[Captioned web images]
►

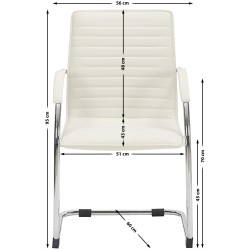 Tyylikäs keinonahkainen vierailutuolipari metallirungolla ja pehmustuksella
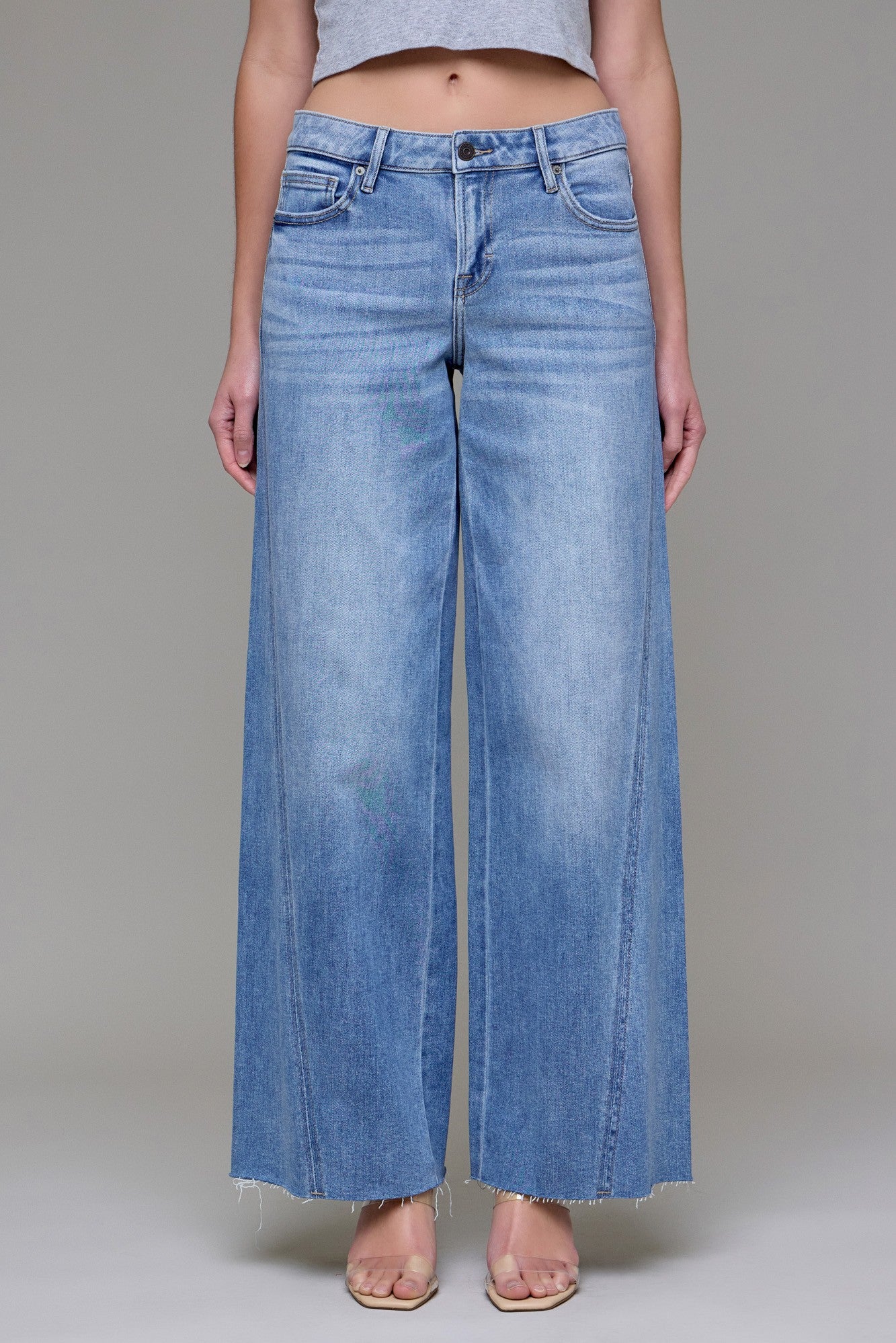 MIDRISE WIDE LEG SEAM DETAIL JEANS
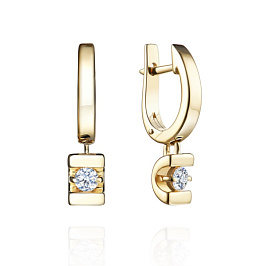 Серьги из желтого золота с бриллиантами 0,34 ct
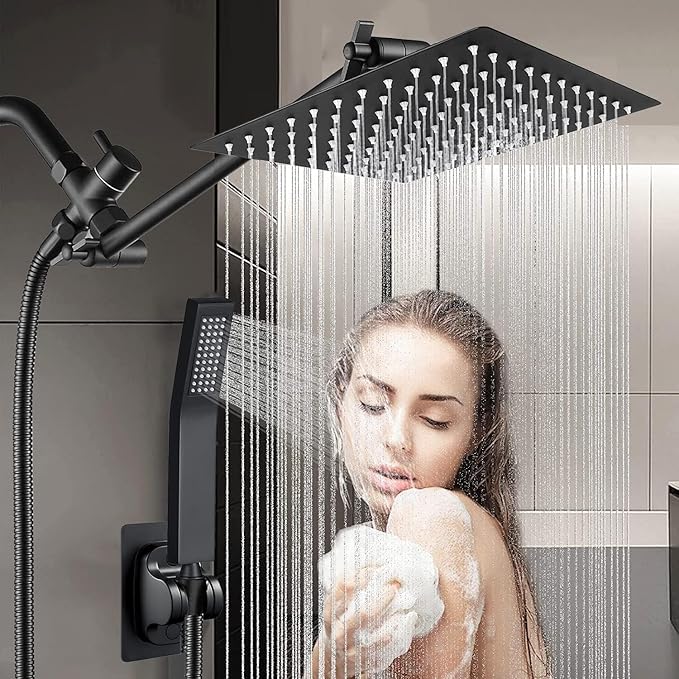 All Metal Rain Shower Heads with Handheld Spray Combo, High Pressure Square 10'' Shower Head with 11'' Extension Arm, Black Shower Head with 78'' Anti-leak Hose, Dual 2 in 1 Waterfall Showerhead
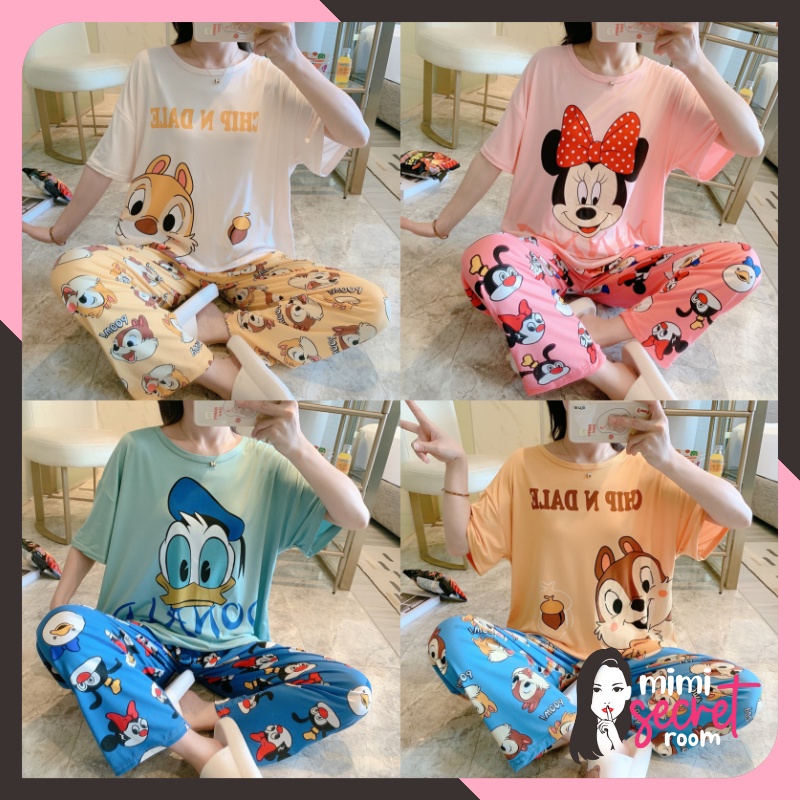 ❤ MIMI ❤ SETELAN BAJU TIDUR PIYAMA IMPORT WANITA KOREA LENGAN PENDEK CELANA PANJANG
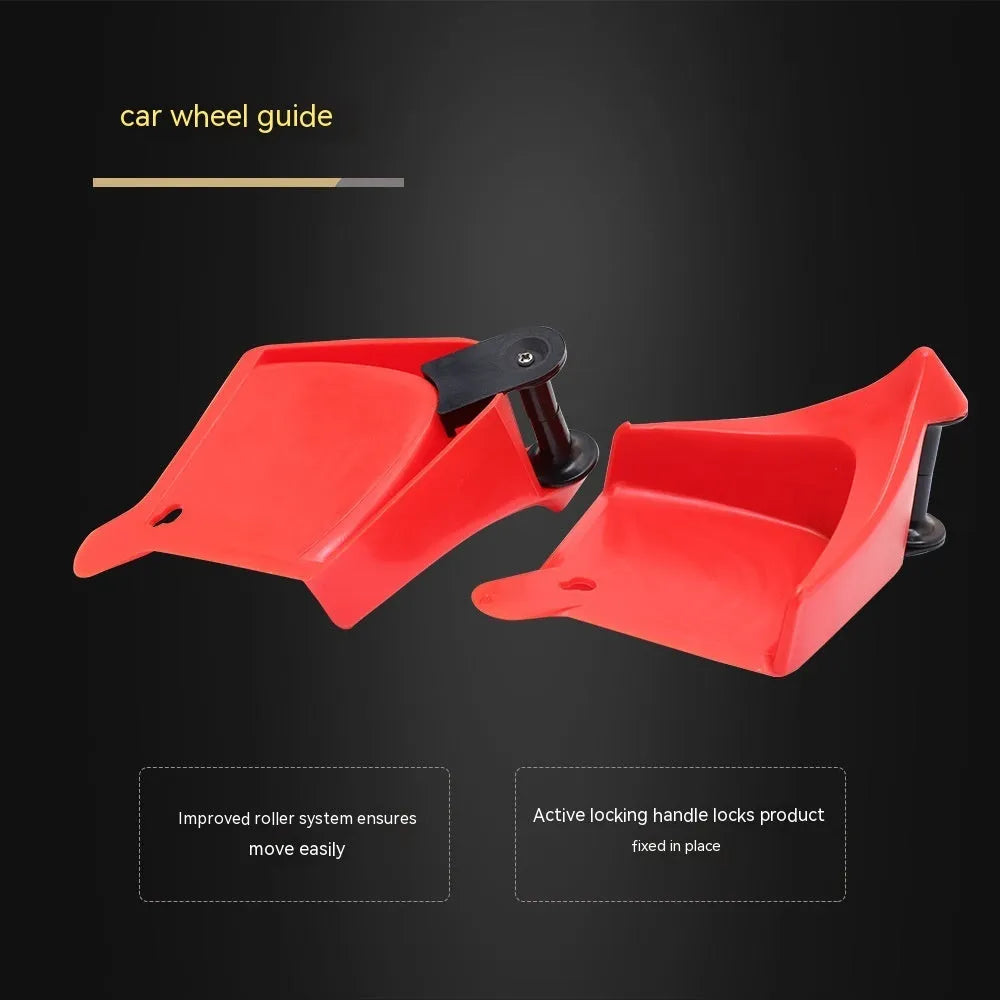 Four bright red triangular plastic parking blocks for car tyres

◄

PROMPT: Retype the entries above exactly, starting at their first line and ending with the line that holds "PENDEK CELANA PANJANG"; pictures stay out.

TASK ANSWER:
 Tyylikäs keinonahkainen vierailutuolipari metallirungolla ja pehmustuksella
 MIDRISE WIDE LEG SEAM DETAIL JEANS
 Серьги из желтого золота с бриллиантами 0,34 ct
 All Metal Rain Shower Heads with Handheld Spray Combo, High Pressure Square 10'' Shower Head with 11'' Extension Arm, Black Shower Head with 78'' Anti-leak Hose, Dual 2 in 1 Waterfall Showerhead
 ❤ MIMI ❤ SETELAN BAJU TIDUR PIYAMA IMPORT WANITA KOREA LENGAN PENDEK CELANA PANJANG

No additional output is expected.